Première remarque : Pour être guéris ils doivent revenir affronter cette société qui les avait exclus. Sans le Christ ils seraient restés dans cette zone grise du non droit et du non-être. L’exclusion ça se combat, elle est la pente naturelle vers laquelle nous glissons imperceptiblement. Ces lépreux trouveront dans l’ordre du nazaréen la force et le courage de revendiquer leur droit à l’existence. C’est aux exclus de se battre pour que leur qualité de fille et fils de Dieu soit reconnue.
La tension dramatique du récit monte d’un cran lorsque les dix lépreux constatent qu’en chemin ils ont été guéris, mais qu’un seul -- l’étranger de service, le samaritain -- revient se jeter aux pieds de Jésus. Le seul étranger du groupe comprend que la parole vivante qu'il a rencontrée est bien plus déterminante que la barrière entre malades et bien portants, bien plus déterminante que ce mépris mutuel entre Juifs et Samaritains.
Ce Samaritain revient vers Jésus et cet élan de reconnaissance parachève sa guérison. Il est à présent libre de la maladie, mais surtout libre de la tyrannie des divisions et des préjugés.
Si l’histoire s’arrêtait là nous pourrions nous contenter d’une morale bien gentillette et inoffensive sur la reconnaissance mais voilà : « Et les neuf autres où sont-ils » demande Jésus. ?
On comprend que les neufs autres étaient des juifs bien intégrés avant leur maladie. Où sont-ils ? C’est simple : ils ont retrouvé leur milieu social et leur vie d’avant aussi vite que possible. Ils veulent oublier ce chapitre douloureux de leur vie et à nouveau profiter des privilèges de leur existence sociale retrouvée.
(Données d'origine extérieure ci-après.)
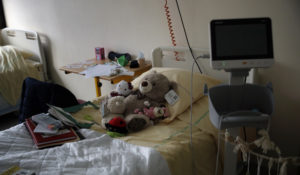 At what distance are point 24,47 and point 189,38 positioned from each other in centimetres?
254

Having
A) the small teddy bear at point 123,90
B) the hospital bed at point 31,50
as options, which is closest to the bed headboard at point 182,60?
the small teddy bear at point 123,90

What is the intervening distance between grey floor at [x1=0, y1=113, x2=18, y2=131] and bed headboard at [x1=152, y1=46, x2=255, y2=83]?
1.90m

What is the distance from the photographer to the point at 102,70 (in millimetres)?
2467

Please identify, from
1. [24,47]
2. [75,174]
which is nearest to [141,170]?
[75,174]

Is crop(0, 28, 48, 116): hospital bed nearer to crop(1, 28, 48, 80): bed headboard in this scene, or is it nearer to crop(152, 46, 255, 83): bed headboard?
crop(1, 28, 48, 80): bed headboard

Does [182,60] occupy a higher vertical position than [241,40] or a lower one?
lower

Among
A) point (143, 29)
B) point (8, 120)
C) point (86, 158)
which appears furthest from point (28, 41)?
point (86, 158)

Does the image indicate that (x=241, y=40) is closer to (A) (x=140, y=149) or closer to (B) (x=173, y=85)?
(A) (x=140, y=149)

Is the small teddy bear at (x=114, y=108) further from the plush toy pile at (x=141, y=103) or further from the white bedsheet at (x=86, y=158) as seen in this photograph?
the white bedsheet at (x=86, y=158)

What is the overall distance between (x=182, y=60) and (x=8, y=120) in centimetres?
228

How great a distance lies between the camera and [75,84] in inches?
140

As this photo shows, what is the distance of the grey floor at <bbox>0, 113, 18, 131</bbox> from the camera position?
3171 mm

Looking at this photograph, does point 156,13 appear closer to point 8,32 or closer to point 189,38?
point 189,38

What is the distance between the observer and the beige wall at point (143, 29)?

« Seul cet étranger est revenu rendre gloire à Dieu ? » s’étonne Jésus. Ce mot d’étranger dans la bouche de Jésus est le même mot qui apparaissait sur la barrière intérieure du temple : « Interdit aux étrangers ». Se préserver de la souillure de celui et celle qui est autre, différent, suspect. Les lépreux, samaritains et non-conformes menaçaient la pureté du sol et de la race.
Nous ne sommes pas très loin de certains discours nationalistes actuels.
Deuxième remarque : Par cette question faussement innocente, Jésus indique qu’est pur celui ou celle dont la pensée a traversé le tambour de la machine à laver.
On a souvent vu dans l'histoire humaine que l’opprimé, une fois libre, rejoint les rangs des oppresseurs, c’est effectivement le cas des neufs lépreux qui ont été guéris mais dont le cœur n’a pas été changé et qui estiment que c’est un dû que d’être dans la norme et tant pis pour les autres...
Notre guérison du péché originel reste inachevée jusqu’à ce que notre perception de l’autre change. Notre guérison demeure inachevée jusqu’à ce que nous revenions vers le Christ conscients d’être un privilégié qui peut se mettre au service de la cause des lépreux modernes que sont les exclus d’aujourd’hui.